Below are records; the lines starting at the one with "فیلم| جشن بزرگ" and ending at the one with "Cake smash session." must be reproduced exactly, both included. Pictures must not appear.
[Opening Material shown section]
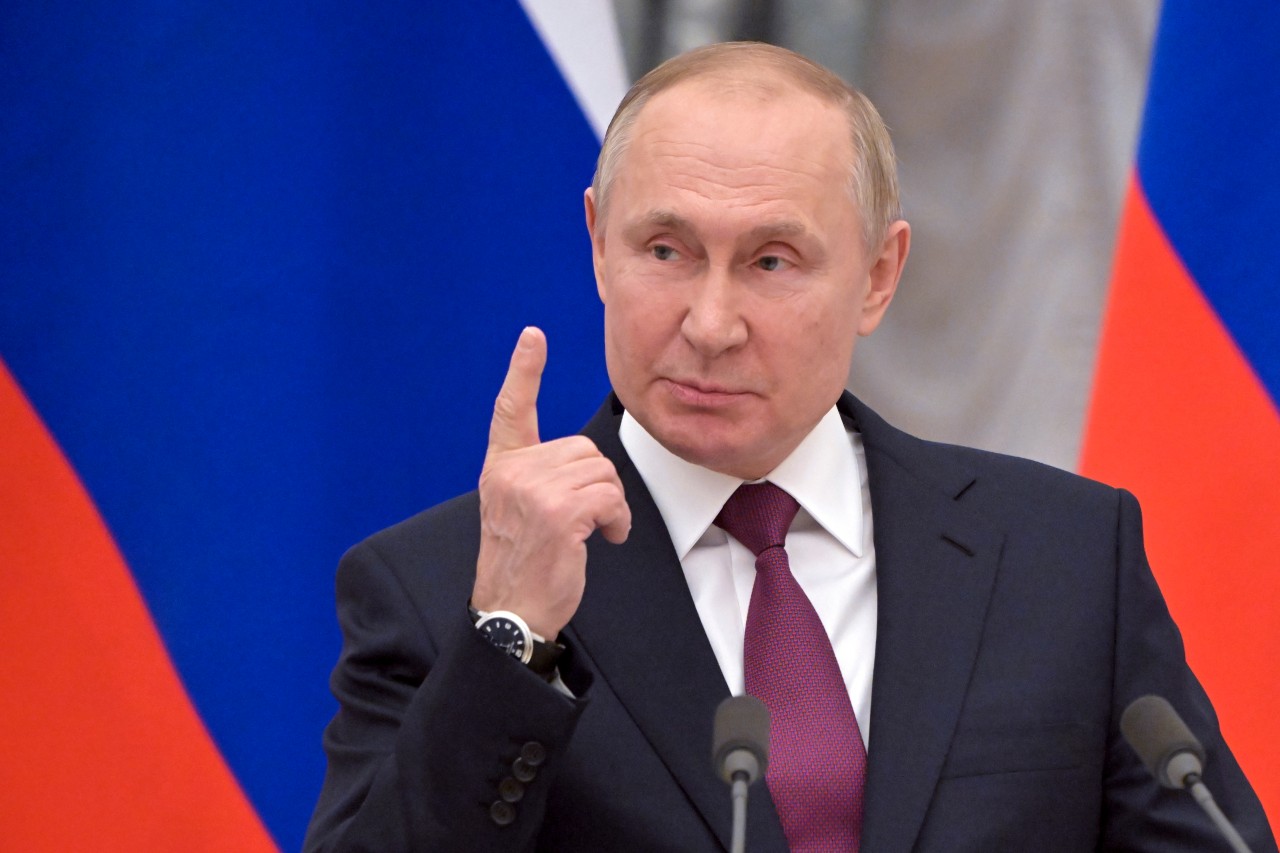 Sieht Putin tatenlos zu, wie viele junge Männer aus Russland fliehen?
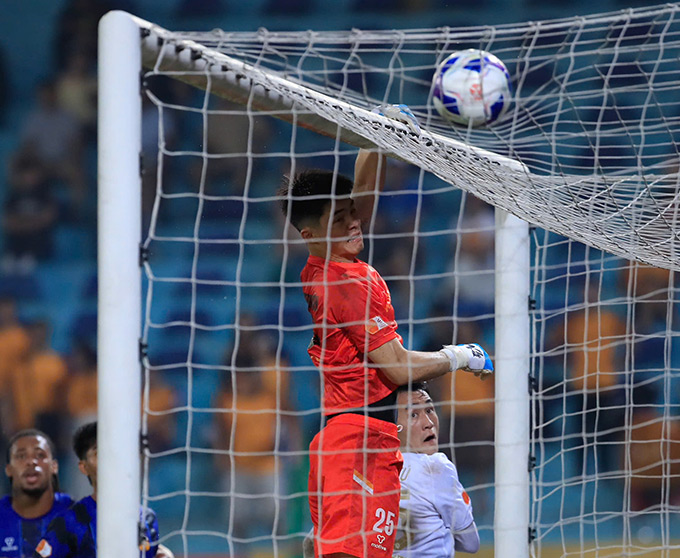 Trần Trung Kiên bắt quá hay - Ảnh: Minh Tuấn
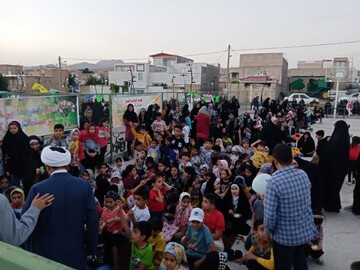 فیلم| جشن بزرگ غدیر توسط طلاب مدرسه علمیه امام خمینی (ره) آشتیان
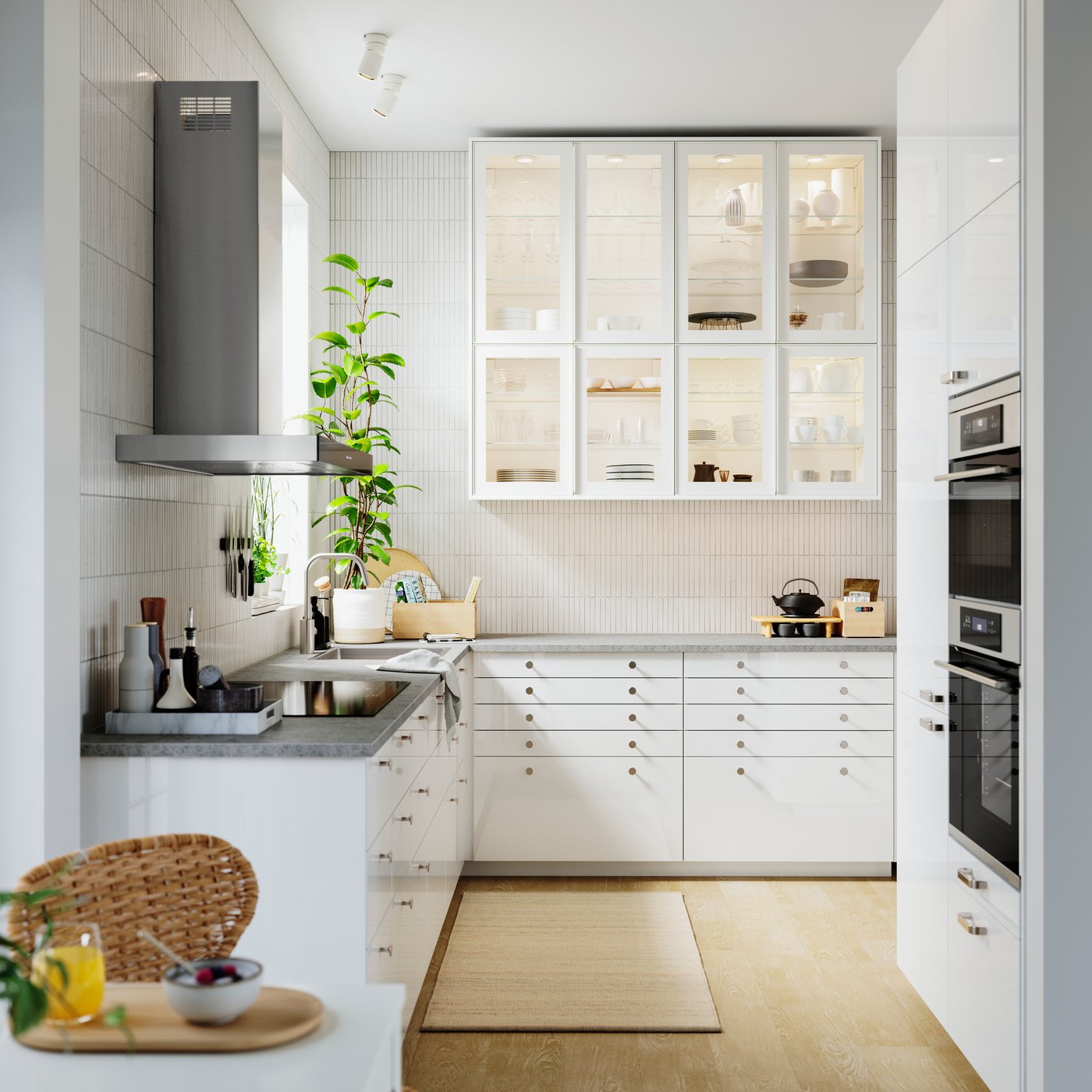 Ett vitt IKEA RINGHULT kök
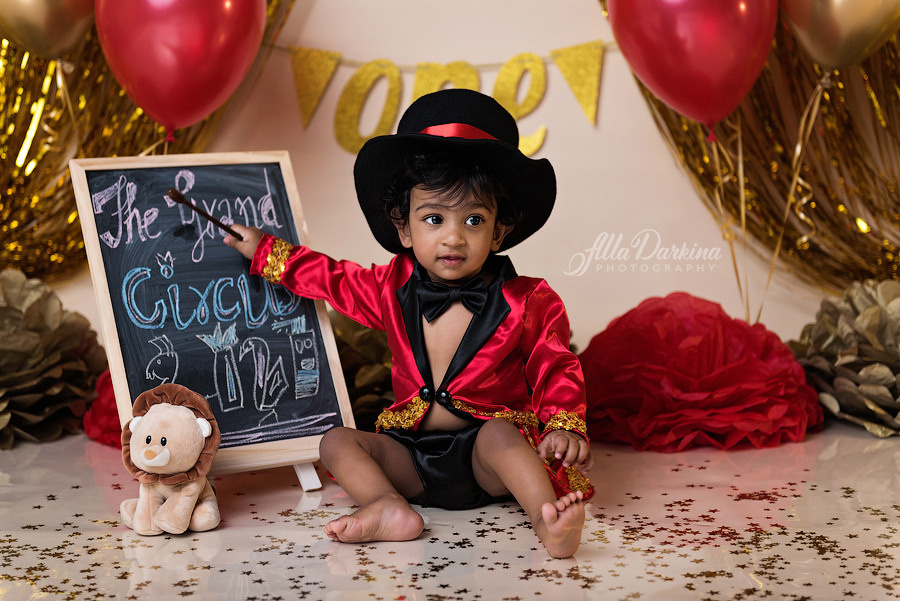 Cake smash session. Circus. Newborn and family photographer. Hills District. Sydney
[Closing Material shown section]
[Opening Material shown section]
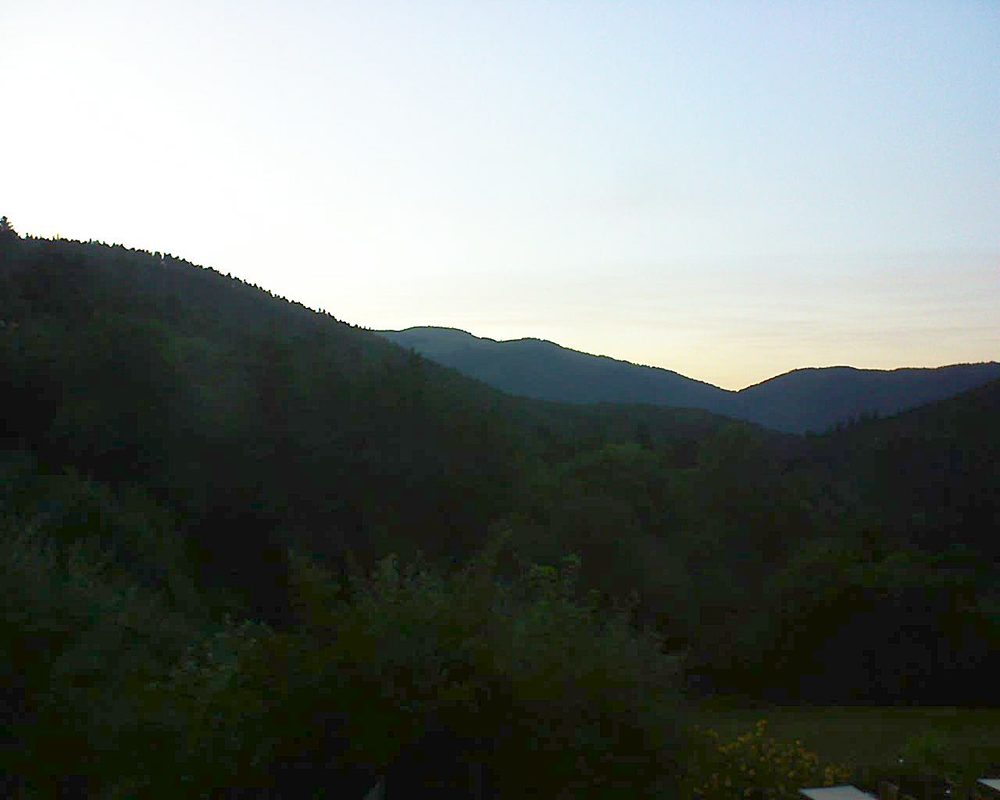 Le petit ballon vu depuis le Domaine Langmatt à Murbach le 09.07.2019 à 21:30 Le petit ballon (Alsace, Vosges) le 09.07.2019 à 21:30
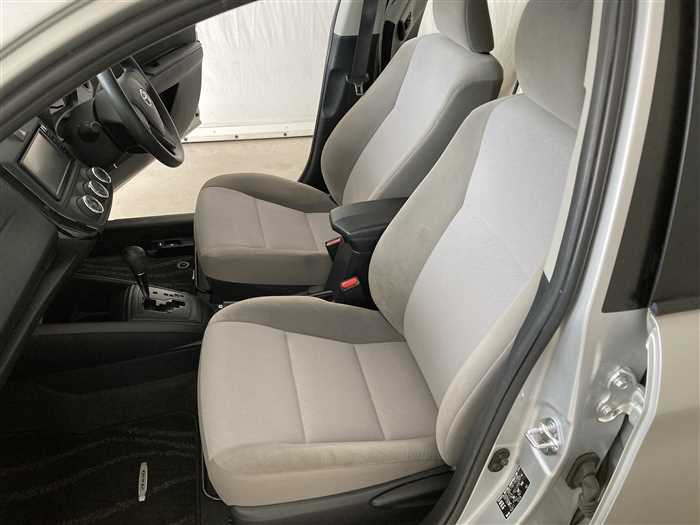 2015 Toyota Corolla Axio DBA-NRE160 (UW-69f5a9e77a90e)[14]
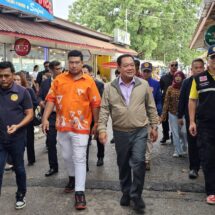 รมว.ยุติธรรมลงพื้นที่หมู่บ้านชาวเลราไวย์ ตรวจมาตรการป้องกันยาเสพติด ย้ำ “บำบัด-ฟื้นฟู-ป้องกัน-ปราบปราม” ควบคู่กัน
[Closing Material shown section]
Answer section
 فیلم| جشن بزرگ غدیر توسط طلاب مدرسه علمیه امام خمینی (ره) آشتیان
 Ett vitt IKEA RINGHULT kök
 Cake smash session. Circus. Newborn and family photographer. Hills District. Sydney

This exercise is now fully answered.